■ Required action: Return each line exactly, from the one that has "Mosquito control services in Columbus" through the end of the entries, both ends included. Pictures do not belong.

Image-caption web data

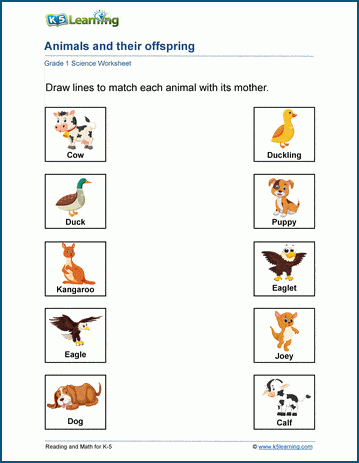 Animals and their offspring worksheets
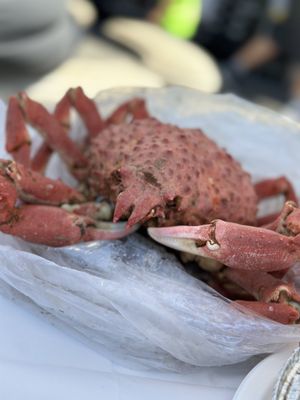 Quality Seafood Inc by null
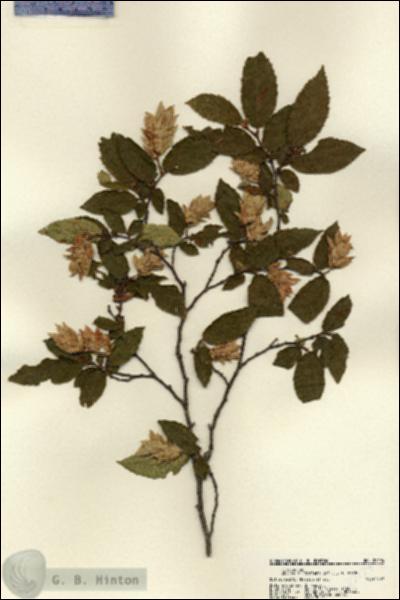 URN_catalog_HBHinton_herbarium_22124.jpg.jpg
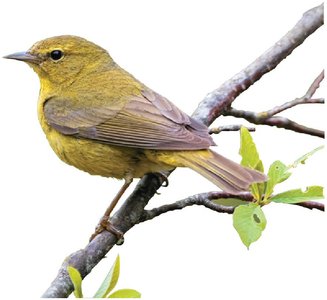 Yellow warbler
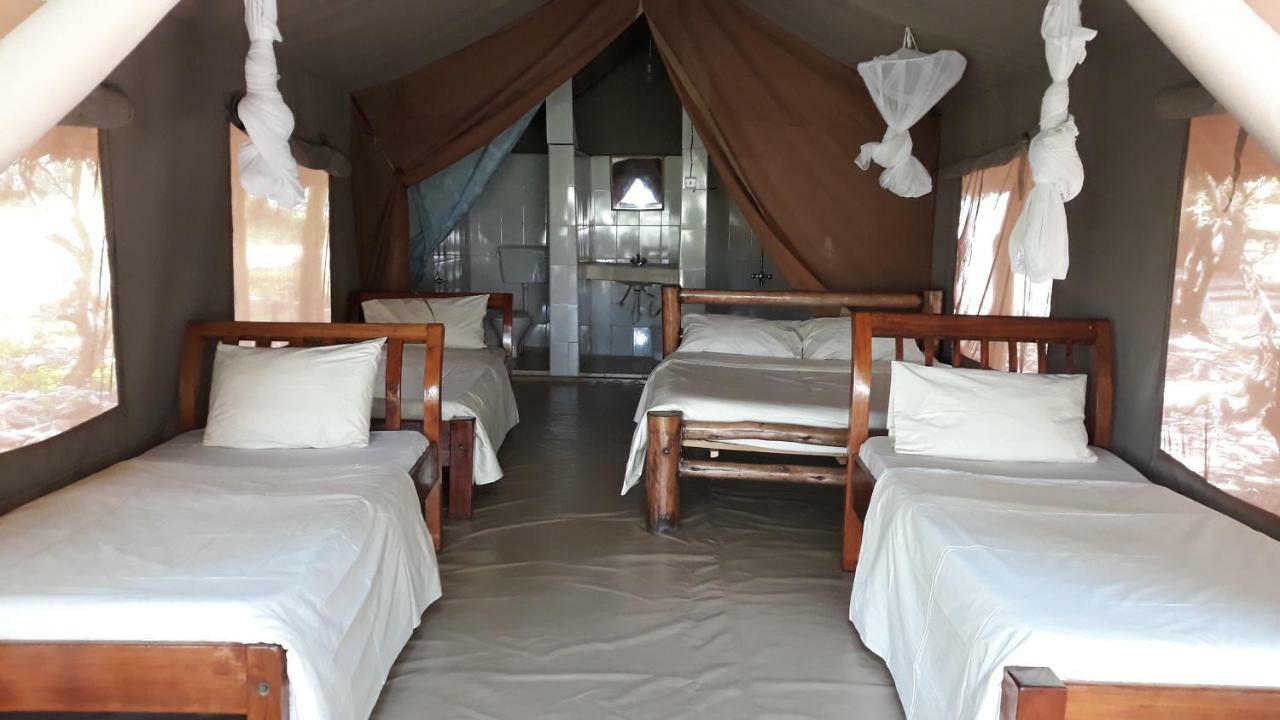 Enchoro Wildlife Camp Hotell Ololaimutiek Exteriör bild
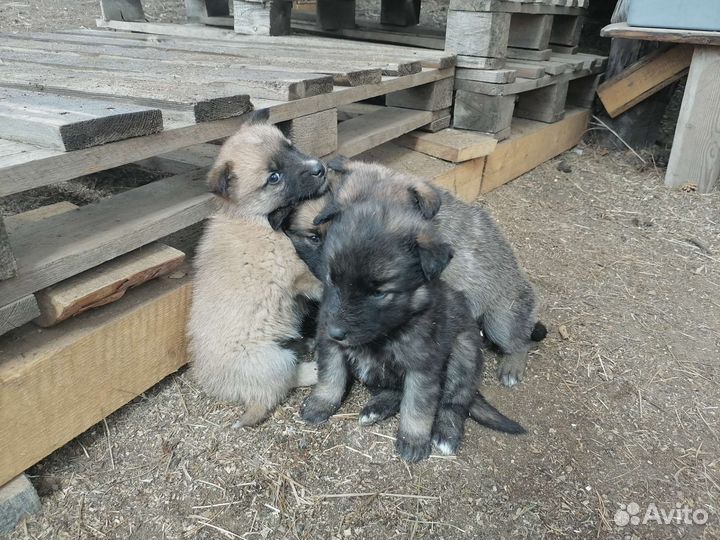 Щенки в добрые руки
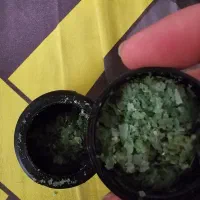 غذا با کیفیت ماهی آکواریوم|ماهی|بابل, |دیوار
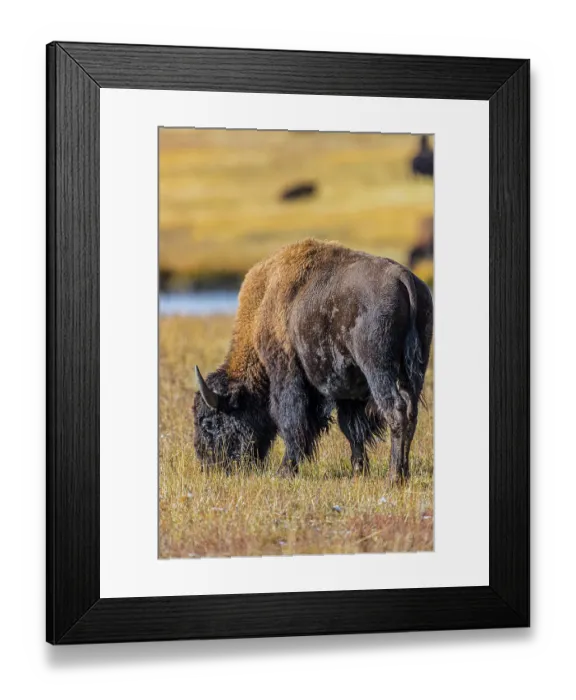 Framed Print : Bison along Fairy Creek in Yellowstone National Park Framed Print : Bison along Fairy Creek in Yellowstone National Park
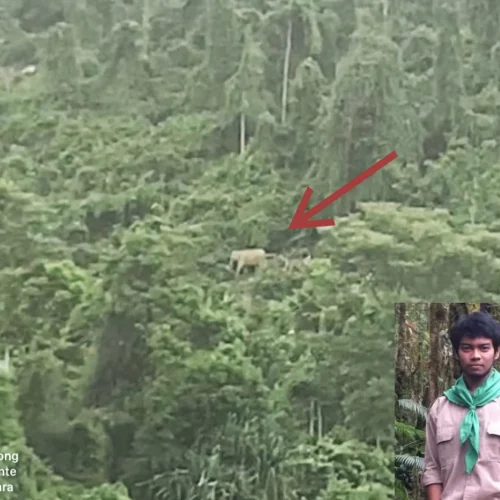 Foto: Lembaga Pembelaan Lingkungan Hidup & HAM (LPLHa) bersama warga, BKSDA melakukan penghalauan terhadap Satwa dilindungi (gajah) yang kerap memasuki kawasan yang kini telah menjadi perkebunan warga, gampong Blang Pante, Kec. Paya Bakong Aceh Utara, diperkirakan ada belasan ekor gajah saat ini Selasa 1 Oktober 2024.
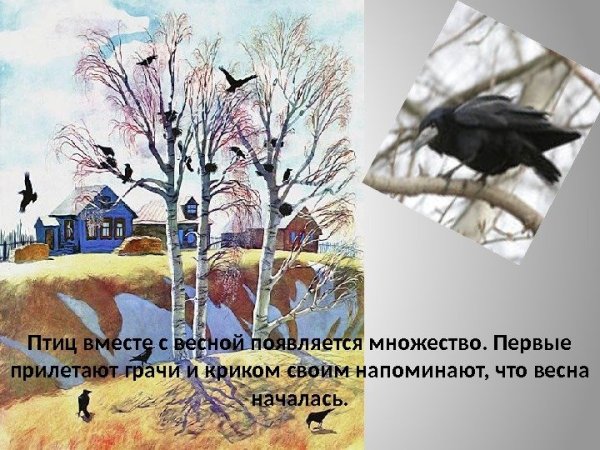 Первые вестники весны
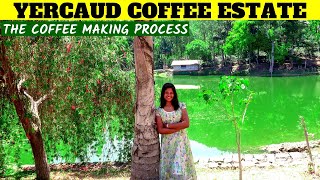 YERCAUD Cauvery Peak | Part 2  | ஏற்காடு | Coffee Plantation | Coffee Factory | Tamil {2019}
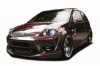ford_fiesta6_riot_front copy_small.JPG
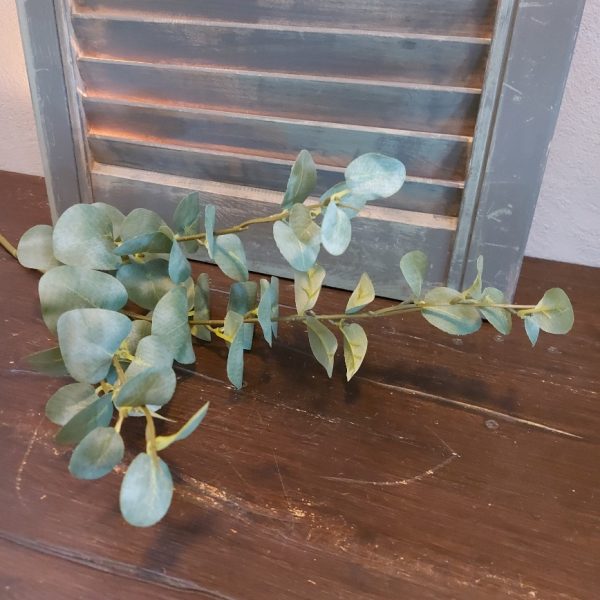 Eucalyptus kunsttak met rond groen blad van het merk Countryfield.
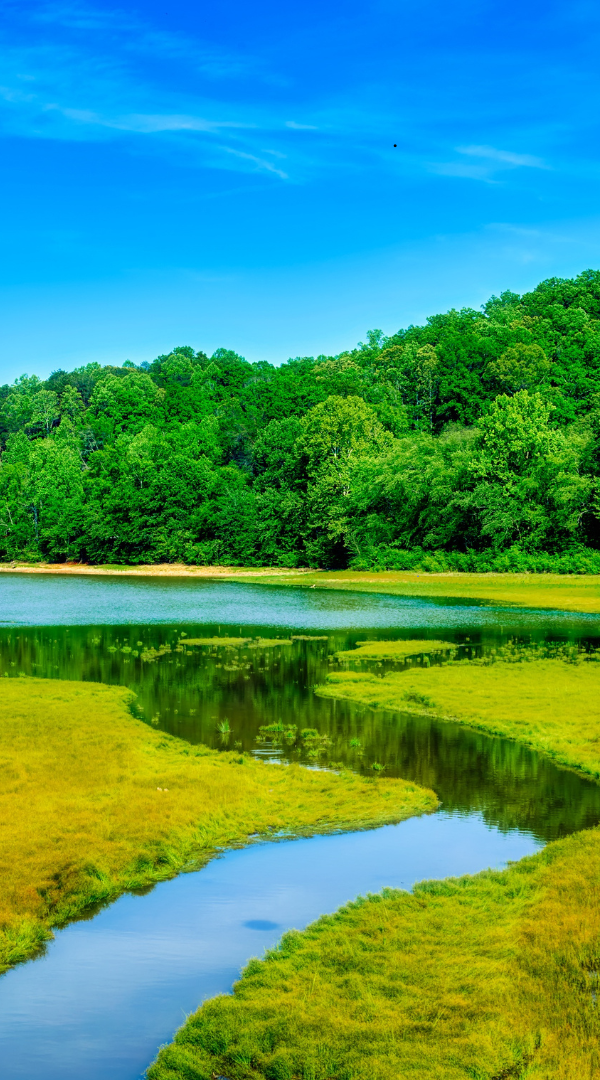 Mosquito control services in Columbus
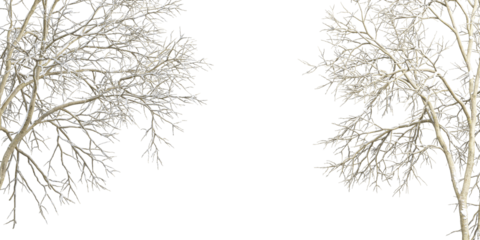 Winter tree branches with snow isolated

■ Task output:
 Mosquito control services in Columbus
 Winter tree branches with snow isolated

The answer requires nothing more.